Et avant que la demoiselle pût deviner son intention, Mr Tupman se laissa tomber à genoux à ses pieds.

- "Mr Tupman, levez-vous !"
dit Rachel.

- "Jamais !" lui fut-il répondu avec vaillance. "Oh Rachel ! (Il s'empara de sa main inerte, et l'arrosoir tomba par terre tandis qu'il la portait à ses lèvres.) Oh, Rachel ! Dites-moi que vous m'aimez.

- Monsieur Tupman," dit la tante célibataire sans le regarder, "il m'en coûte de prononcer ces mots, mais, mais ... vous ne m'êtes pas complètement indifférent."

Mr Tupman n'eut pas plus tôt entendu cet aveu qu'il se mit en devoir de faire ce que lui inspirait la chaleur de ses émotions, et aussi, pour autant que nous le sachions (car nous sommes assez mal informés de ces questions), ce qu'on fait toujours en ce genre de circonstances. Il se leva d'un bond, et, passant le bras autour du cou de la tante célibataire, déposa sur ses lèvres de nombreux baisers ; après avoir dûment fait preuve d'une volonté de lutte et de résistance, elle les accepta si passivement qu'on se demande combien Mr Tupman aurait pu en administrer encore, si la jeune personne n'avait eu un sursaut très authentique et ne s'était écriée d'une voix apeurée :

- "Monsieur Tupman, on nous regarde ! Nous sommes découverts !"


Mr Tupman tourna la tête. Le gros garçon était là, absolument immobile, et ses gros yeux ronds étaient braqués sur l'intérieur de la tonnelle, mais son visage ne portait pas la moindre trace d'une expression que le plus expert des physiognomonistes eût pu attribuer à la surprise, à la curiosité, ou à l'une quelconque des autres passions connues pour agiter le cœur de l'homme. Mr Tupman dévisagea le gros garçon, et le gros garçon soutint son regard ; plus Mr Tupman constatait, sur la physionomie du gros garçon, une absence totale de sentiments, plus se renforçait sa conviction qu'il ne pouvait avoir aucune connaissance ou aucune intelligence de ce qui venait de se passer. Sous l'empire de cette impression, il lui demanda avec beaucoup de fermeté : 

- "Que venez-vous faire ici, mon ami ?

- Le souper est prêt, Monsieur," lui fut-il promptement répondu. 

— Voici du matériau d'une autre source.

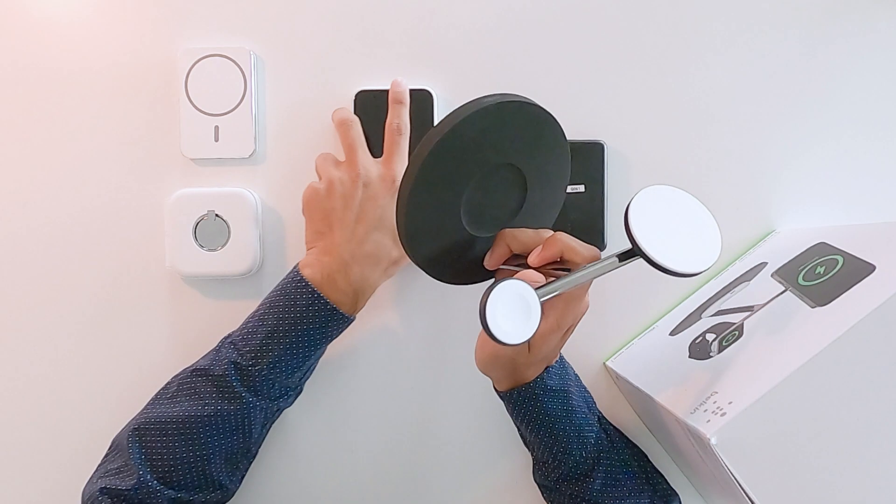This product here, again from Belkin, is a 2,500mAh power bank which is 'MagSafe Compatible.' What that means is it will only be able to deliver up to 7.5-watt charging, and it shows you a different charging animation as well.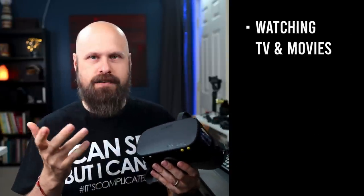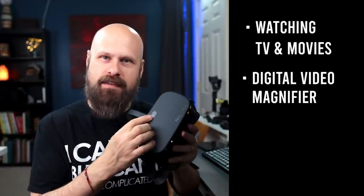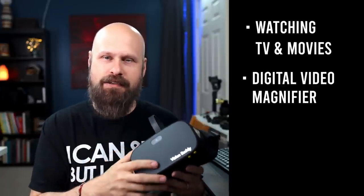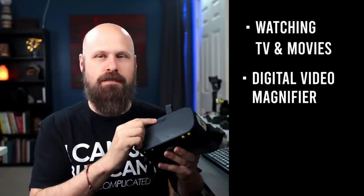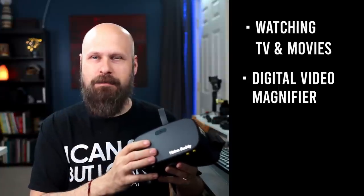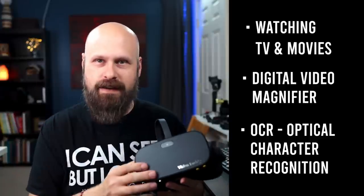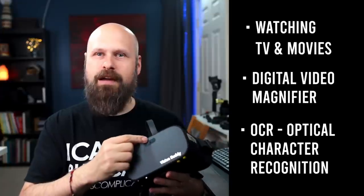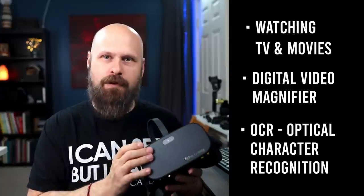The Vision Buddy isn't just for watching TV and movies — you can also use it as a digital magnifier. It has a 16-megapixel camera that you can use for video magnification; that's one of the updates in this latest version. Vision Buddy can also do OCR, optical character recognition — that's text-to-speech. You can use the camera to snap a picture of a text document, a sign, or a price tag and the Vision Buddy will read it out loud to you.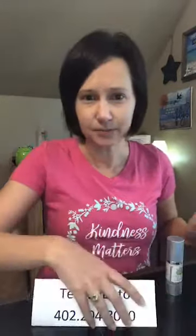Again, text JULY to this phone number to sign up for my email list — I'm sharing tips on facials and I'm also having a giveaway coming up on Wednesday, so you want to get entered into that. Let me know what questions you have about scrubs. I hope you sing that song, put a little smile on your face, and get up and dance! A lot of crazy stuff going on, so shake it off. Alright, bye guys!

- "Est-ce que vous venez d'arriver ici, mon ami ?" demanda Mr Tupman, avec un regard perçant.

- "A l'instant," répondit le gros garçon.

Mr Tupman le regarda de nouveau très attentivement, sans découvrir chez lui le plus léger clignement d'œil, ni la moindre contraction du visage. 

Mr Tupman prit le bras de la tante célibataire, et se dirigea vers la maison ; le gros garçon ferma la marche.

- "Il ne sait rien de ce qui s'est passé," murmura-t-il.

- Rien," dit la tante célibataire.

Un bruit se fit entendre derrière eux, qui ressemblait à un petit rire à demi étouffé. Mr Tupman se retourna vivement. Non ; cela ne pouvait pas être le gros garçon ; il n'y avait, sur toute l'étendue de son visage, nulle trace de gaieté, son visage ne respirait que digestion.

- "Il devait dormir profondément," dit Mr Tupman à voix basse.

- Je n'en ai pas le moindre doute," répondit la tante célibataire.

Mr Tupman se trompait. Pour une fois le gros garçon n'avait pas dormi d'un profond sommeil. Il avait gardé les yeux ouverts - ouverts tout grands - sur ce qui s'était passé.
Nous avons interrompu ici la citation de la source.